To an American who's never crossed an ocean, the shots of the narrow rivers and wide waters, the tidal play, bridges, and shallows, the boats and barges, make up for a great deal. But there's little sense of travel, of space. In the books, it's fascinating how quickly a child on a bicycle can shortcut a winding river journey: Time flows differently on water, on shore. Bicycles, land routes, like sci-fi wormholes, cheat time.

While I waited for the DVD to arrive, I did my best to imagine how I'd have filmed Ransome, whether the two Coot stories and Great Northern?, which belongs with them thematically, or the Lakeland books.

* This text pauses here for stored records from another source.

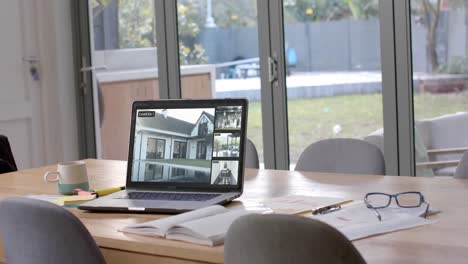 laptop on dining table showing four home security camera views, slow motion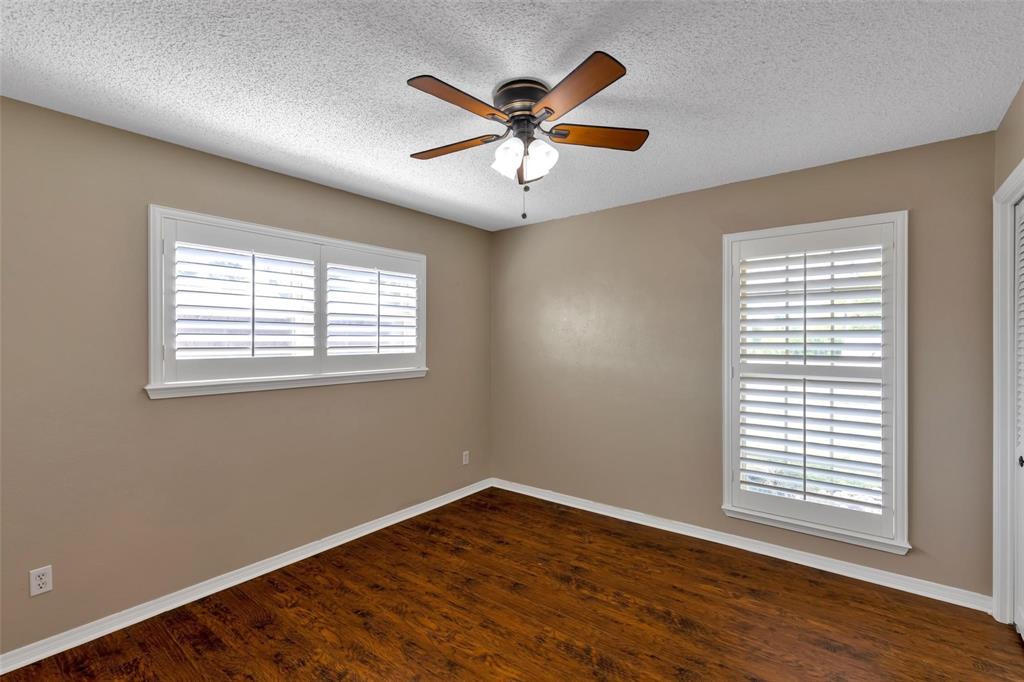 625 Deer Drive Greenville, TX 75402 - Photo 18 of 29 a view of an empty room with wooden floor and a window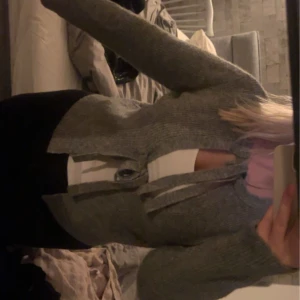 Grå ribbad kofta - Säljer en mysig grå ribbad kofta med knytband i midjan. Perfekt för höst och vinter, den har raka ärmar, köpt från Nelly men märket är pieces! Aldrig använd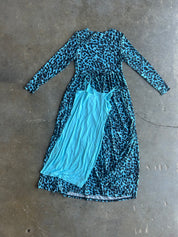 A long-sleeve midi dress with a blue and black leopard print, layered over a solid light blue tank top, laid flat on a gray concrete floor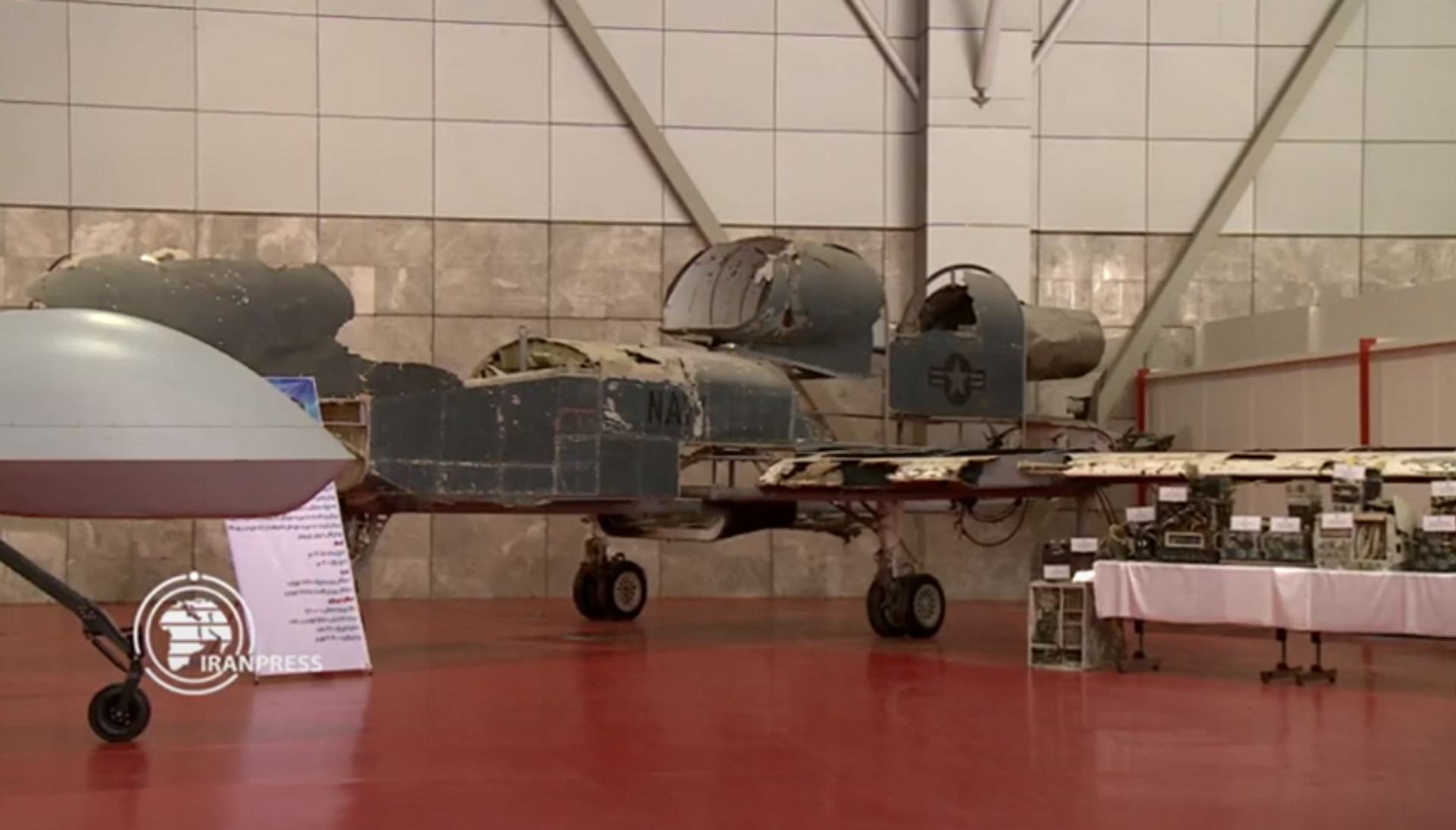 Painstakingly reconstructed remnants of US drone shot down over Iran by a domestically-made air defence system in June 2019 on display at Tehran's National Aerospace Park. - Sputnik International, 1920, 09.11.2021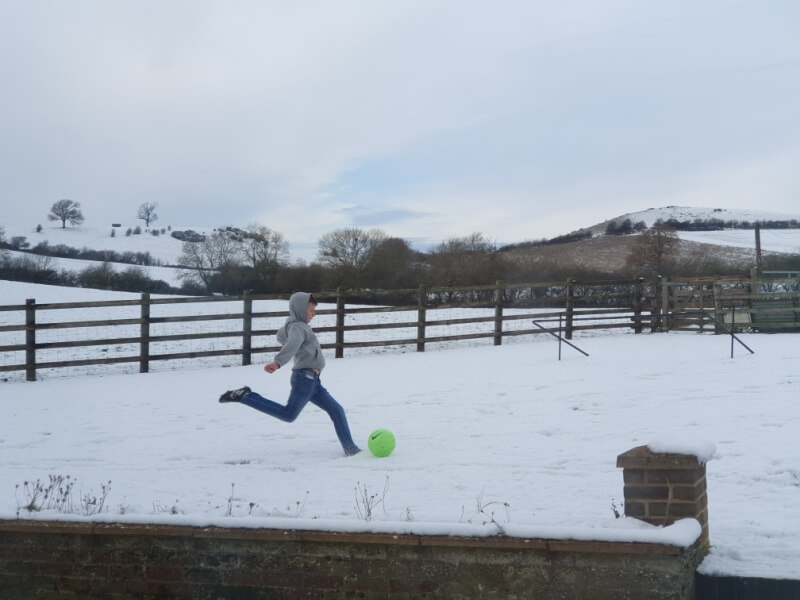 boy about to kick a football in snowy garden wearing blue jeans and grey hoody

First of all, as with the books, each film would need a map, not just bracketing the action, but ever-present. The camera zooms in and out, computer tech allowing the near zooms to morph into live action and zoom-outs to morph back to the map, so that we always know where we are. "Live" coloring shows the tide creeping up and down the map. I fear some readers may deem such things obtrusive or anachronistic, but tech should also give credible ambient sound, mostly lacking in the existing TV serial: boats' creaking, water lapping, birds' calls and chatter day and night, the breeze, the sails' flap, rainfall, the audio differences between day and night, etc., etc., and more that I can't imagine because, though I've read, I've never been. I'd link sounds to the map, so we hear locations before the zoom in or even when the focus simply passes an area without zooming.

Besides working on the casting flaws noted above, I'd shoot any and all adults from, at most, the eye level of the tallest child. Maybe I'd go so far as to shoot the tallest children, when appropriate from the eye level of the shortest children.

And tacking: I don't think there's a bit of sailing lore more significant for Ransome than this against-the-wind technique that, to a novice, seems an almost magical accomplishment of the impossible. The very first novel, Swallows and Amazons, begins with seven-year-old Roger running "in wide zigzags, to and fro, across the steep field that sloped up from the lake to Holly Howe…The wind was against him, and he was tacking up against it to the farm" (p. 13). Film offers a unique opportunity to show, not just talk about, tacking, all the more so, since in Coot Club, Dick and his sister are relative novices.

Note finally that Roger isn't pretending to tack; he "was tacking." It was just a hill. He was on land. He had no sails. But still he was tacking. Perhaps more so the Lakeland group than these Coots, but Ransome's game was always to blend children's make-believe so seamlessly with reality that there is no line. In any single moment, the two coexist. Any film worthy of Ransome would have to achieve the same. The camera can never show anything but reality, while the imaginary rivals it in the actors words, faces, and body language.

Too bad Miyazaki never caught on to these. Another British children's novel, B.B.'s Brendon Chase, really cries for Miyazaki's unique ability to blend reality, imagination, and Nature.